24 March 2012

Hunger

I am afraid of my generation. Sitting in a dark theater watching a wonderful novel spring to life on screen, only to be deeply disgusted and disappointed as the crowd around me bursts into applause as a character dies. This concept exists, dear mob, exactly because of this. This disgusting approval of "reality" television and lust for entertainment. We put value on pleasure instead of goodness. With our nonexistent relationships and our overt sexuality. Our need for addictions diagnosis, and medication. Our misappropriation of trust, love, passion and our vacant inclinations of wonder, awe, hope, joy. My revulsion to this day and age only culminates as each day passes. I am at a loss.

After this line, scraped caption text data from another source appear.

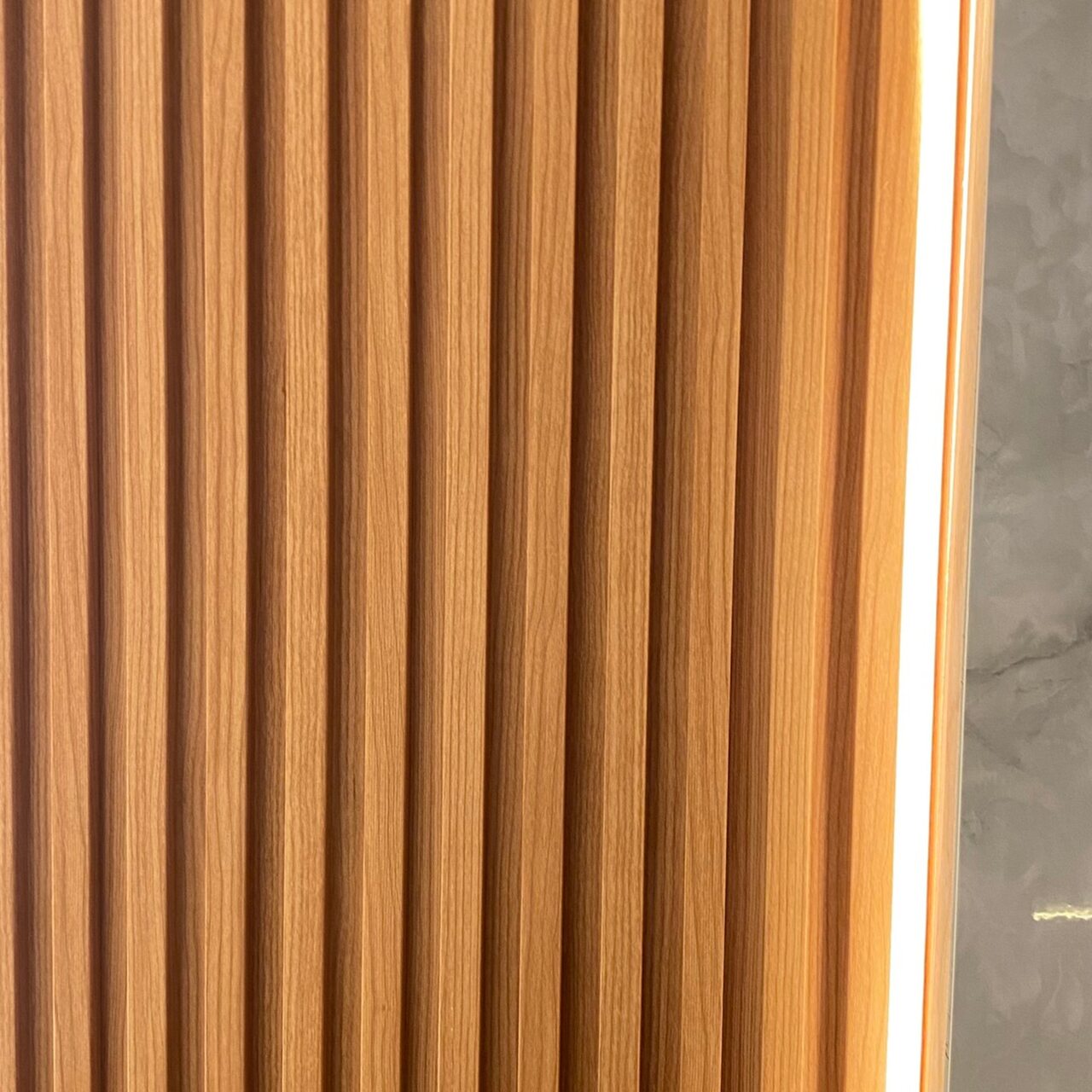 Painel Ripado Wpc Interno Wave Cor: Freijó 2,90m x 14cm (0,406m²)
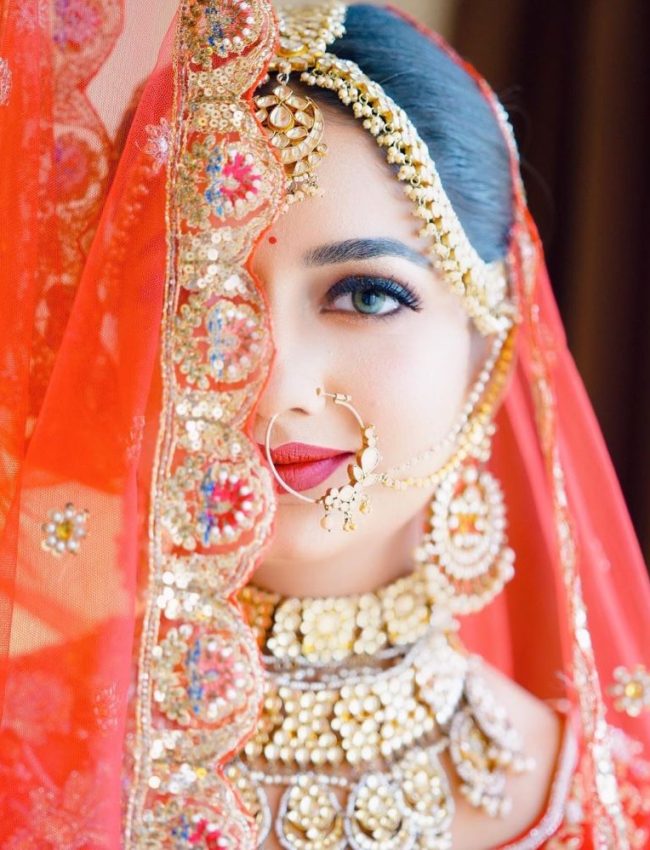 Indian-bridal-photoshoot-poses-with-dupatta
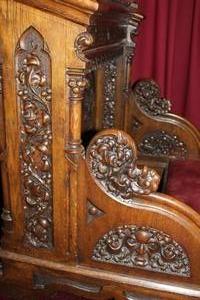 Exceptional Kneeler en wood oak / Red Velvet., Dutch 19th century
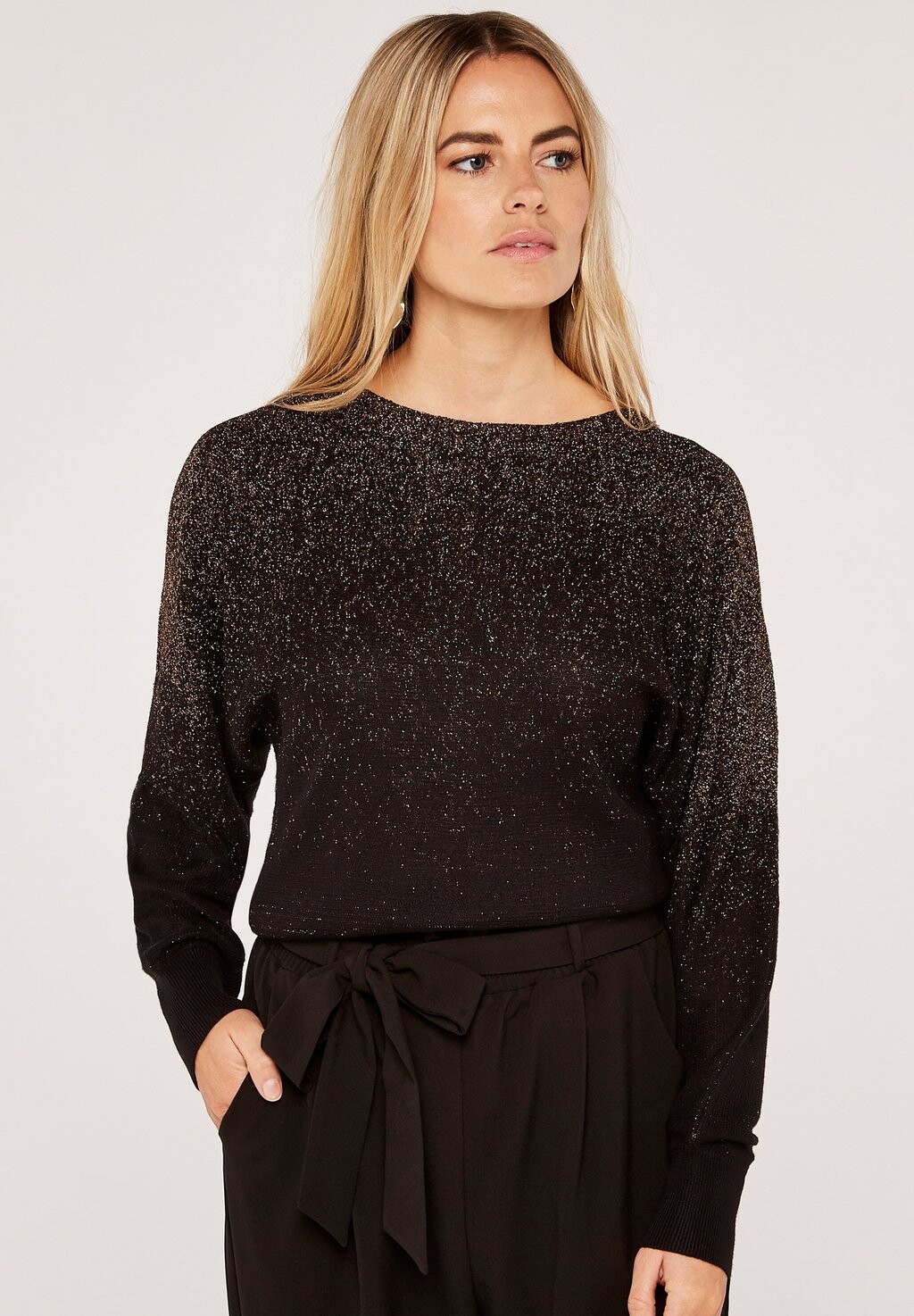 

Вязаный свитер OMBRE BATWING Apricot, цвет black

Some days I believe technology to blame and wish to rid myself of all of it. Oh! how I would love nothing more than a small cabin somewhere far into the woods where no one could find it. Laundry in a tub and bathwater heated by a fire. Hunting and gardening and no more thought to the rest of the world, except perhaps whether or not everyone has killed each other off yet. But then, I realize the joy and beauty of technology and how it is merely its misuse that injures my senses so.

I am growing life inside of me. A tiny human with eyes and ears and a mind to make sense of all those things which will inundate the little one as soon as it arrives. Is that what that child has to look forward to? Because I yearn for something more having grown up surrounded by all of this. And it is not what I want for my baby. This life, this place, these things? Are toxic. This world we wrap ourselves up in, our "first world problems," this is all repugnant. This cannot be why we exist.

My heart has known some of the most beautiful things, and still, there is so much heartbreak and affliction. I need more. This is not the life I was meant for, I was intentioned for so much more than this simplistic and all consuming self-appreciation. I can see the rest and it is gloriously and joyfully better! I seek that. I reach for that, and that alone. My life is an open book that will be written not merely by what makes me happy, but by what goodness I seek and help other to seek as well. Whatever goodness it may be. To lighten the heart without letting it cease beating is a near impossible task.